**Instructions to follow:**
Below, locate the line that contains "RE-1010 Rental Exhibit". Repeat exactly from that line to the line that contains "Disfraz de Piloto de Fórmula 1 Ferrari para Adultos Disfraz", inclusive, leaving out the pictures.

[Extracted data entries]

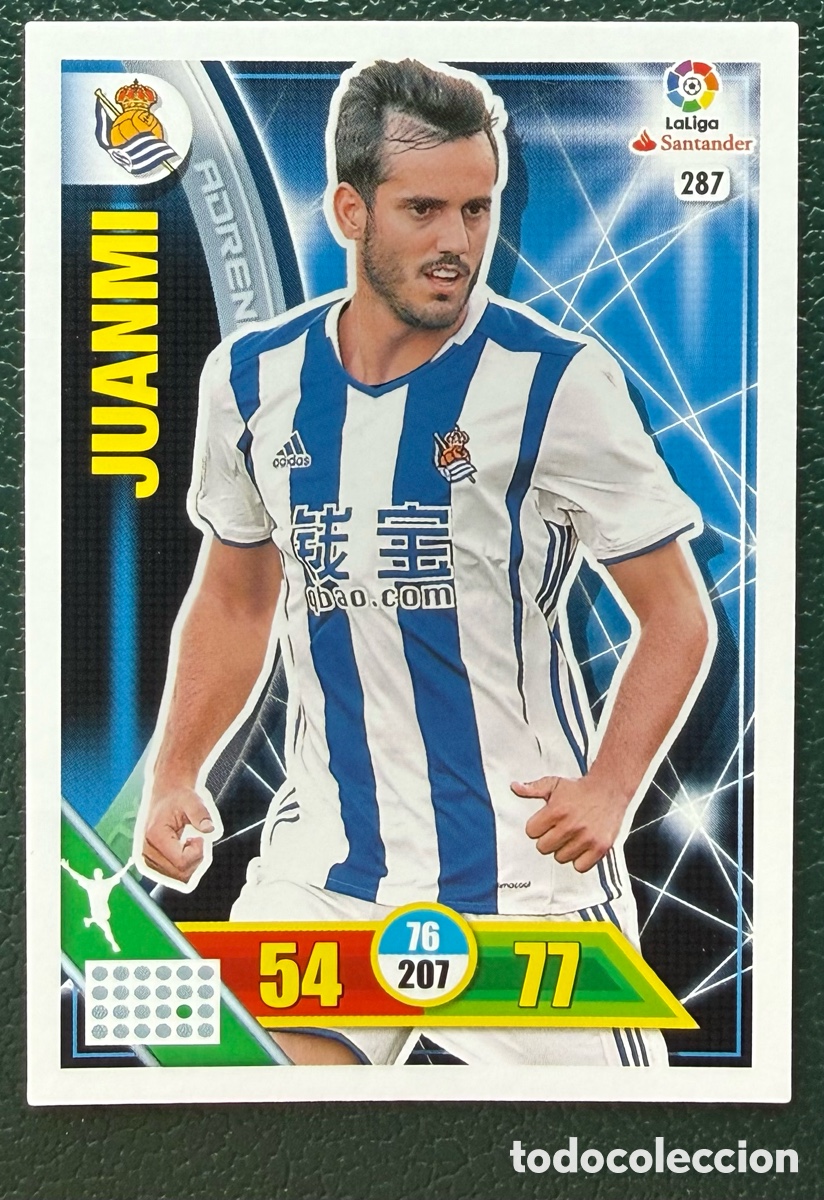 Cromos de F&uacute;tbol: 287 JUANMI REAL SOCIEDAD FICHAS ALBUM ADRENALYN XL 2016 2017 16 17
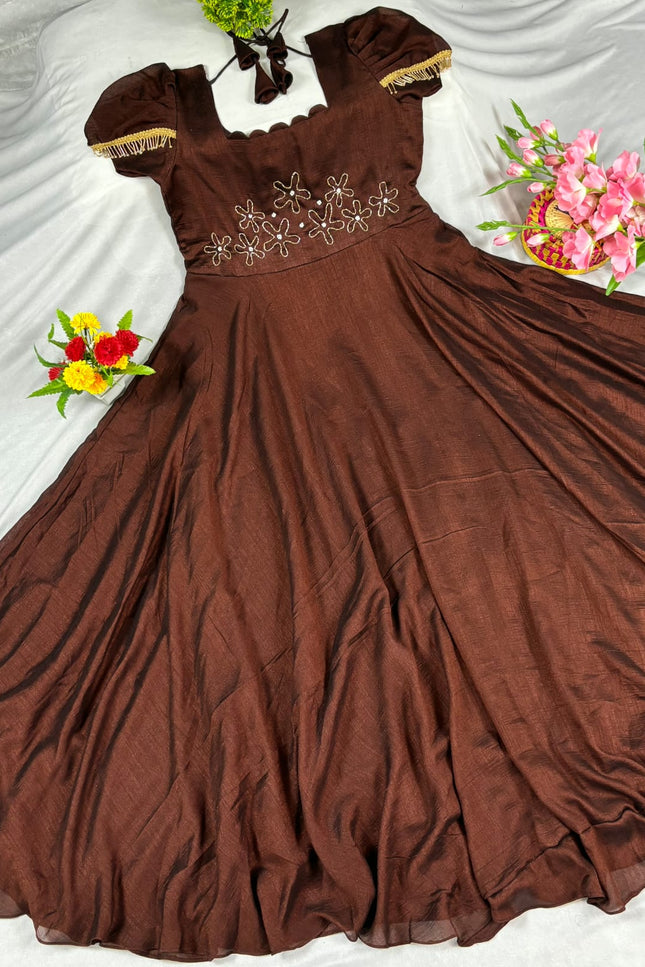 Vichitra blooming Gown SS617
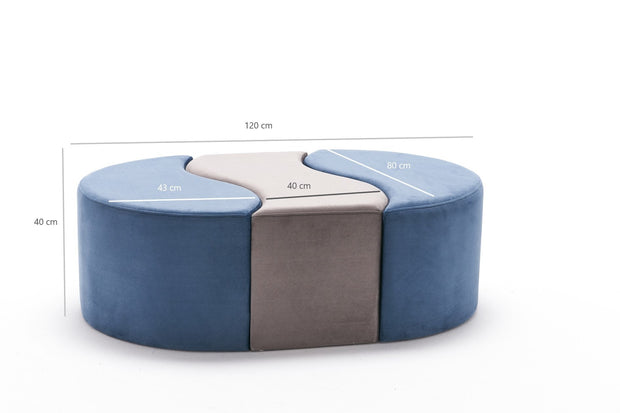 Pouf in tessuto Alya Blu (6)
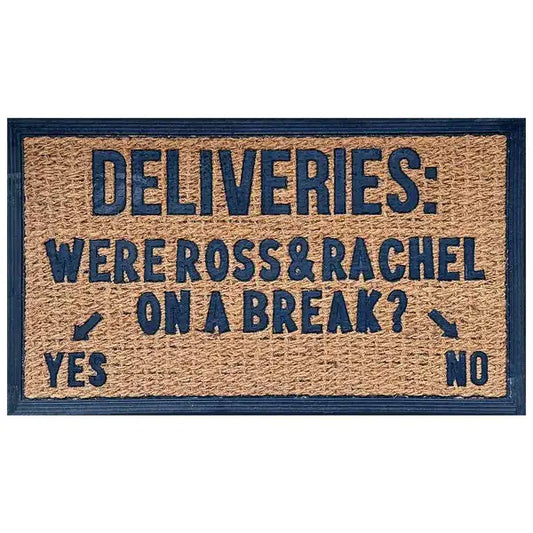 Funny Coir Doormat Hello There Welcome Front Porch Decor Doormat For The Entrance Way Outdoor With Heavy-Duty Non Slip Coconut Coir Doormat 30x17 Inch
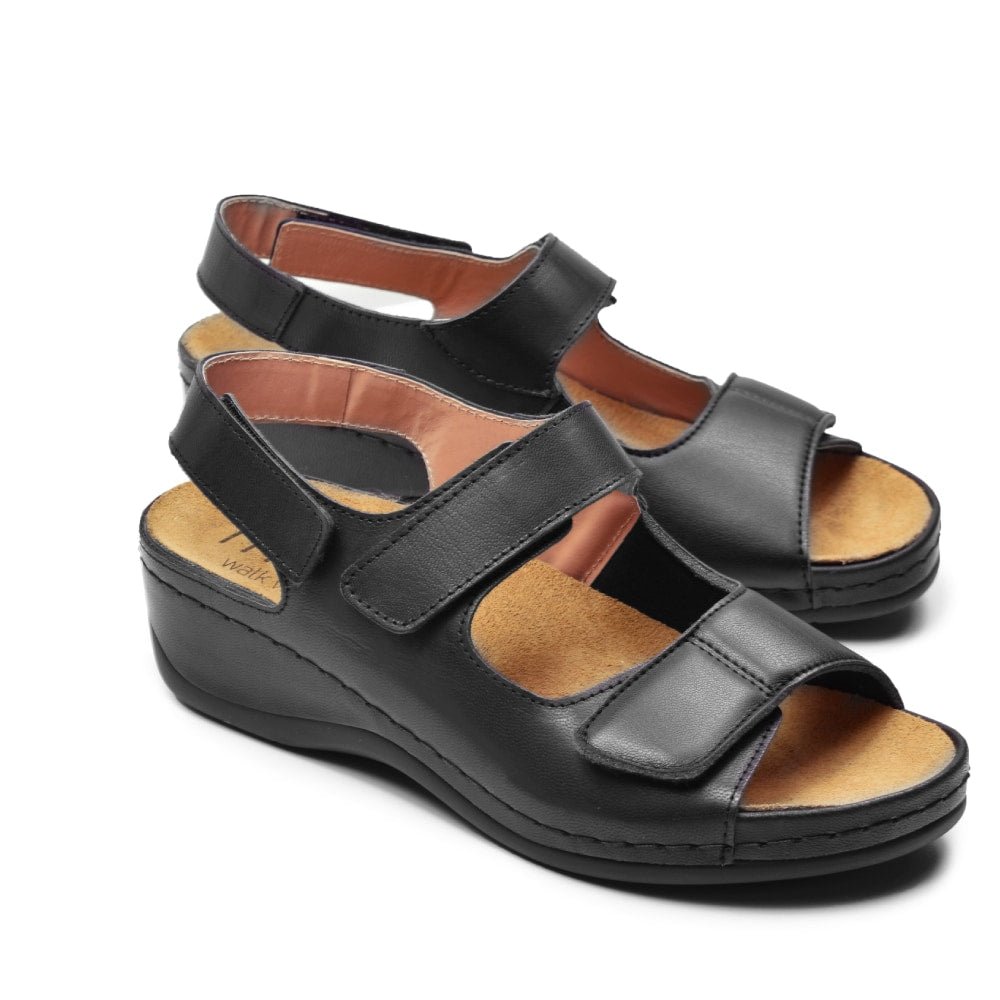 Minfot Sandaler Stretch Iris Hælrem Svart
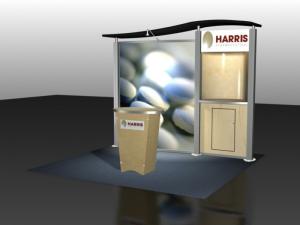 RE-1010 Rental Exhibit / 10� x 10� Inline Trade Show Display � Image 1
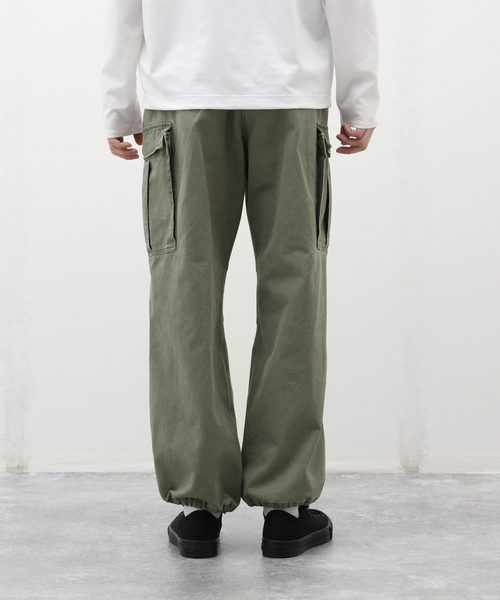FOSTEX GARMENTS(フォステックスガーメンツ)の「【FOSTEX GARMENTS / フォステックスガーメンツ】M65 TROUSERS HEAVY VTG WASH(カーゴパンツ・メンズ・カーキ・SMALL/MEDIUM)」の15枚目の写真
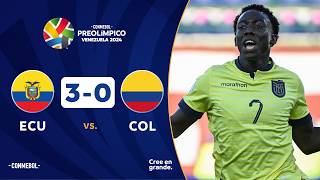 ECUADOR vs COLOMBIA 30  RESUMEN  CONMEBOL PREOLÍMPICO  FASE PRELIMINAR [upl. by Acinomed]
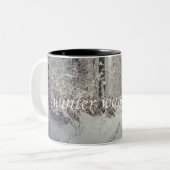 魅惑の冬の森を抜ける道 ツートーンマグカップ (正面左)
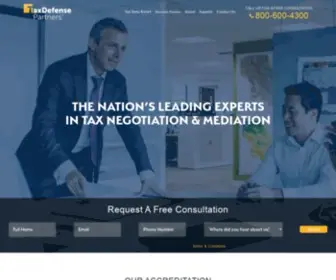 TaxDefensepartners.com(IRS Tax Relief Company) Screenshot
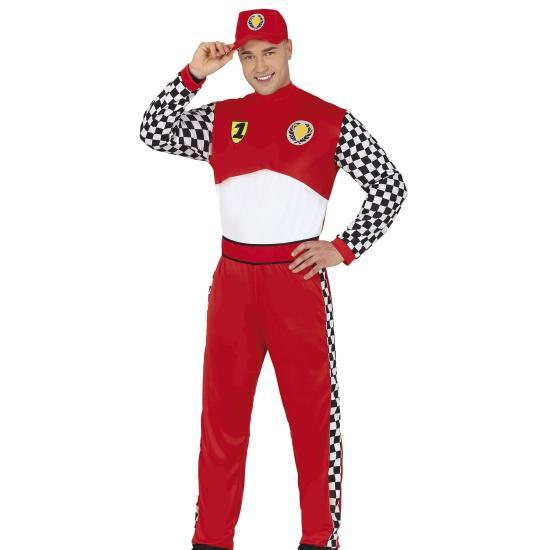 Disfraz de Piloto de Fórmula 1 Ferrari para Adultos Disfraz de Piloto de Fórmula 1 Ferrari para Adultos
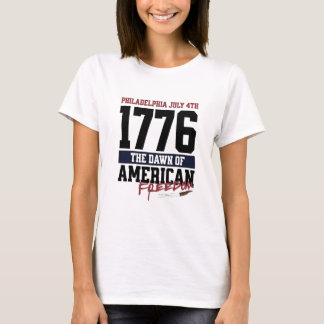 Philadelphia 1776 Anbruch der Freiheit Grafik T-Shirt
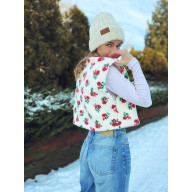 Flower Sheep - polarowa kamizelka z bawełnianą podszewką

**Task response:**
 RE-1010 Rental Exhibit / 10� x 10� Inline Trade Show Display � Image 1
FOSTEX GARMENTS(フォステックスガーメンツ)の「【FOSTEX GARMENTS / フォステックスガーメンツ】M65 TROUSERS HEAVY VTG WASH(カーゴパンツ・メンズ・カーキ・SMALL/MEDIUM)」の15枚目の写真
 ECUADOR vs COLOMBIA 30  RESUMEN  CONMEBOL PREOLÍMPICO  FASE PRELIMINAR [upl. by Acinomed]
 魅惑の冬の森を抜ける道 ツートーンマグカップ (正面左)
 TaxDefensepartners.com(IRS Tax Relief Company) Screenshot
 Disfraz de Piloto de Fórmula 1 Ferrari para Adultos Disfraz de Piloto de Fórmula 1 Ferrari para Adultos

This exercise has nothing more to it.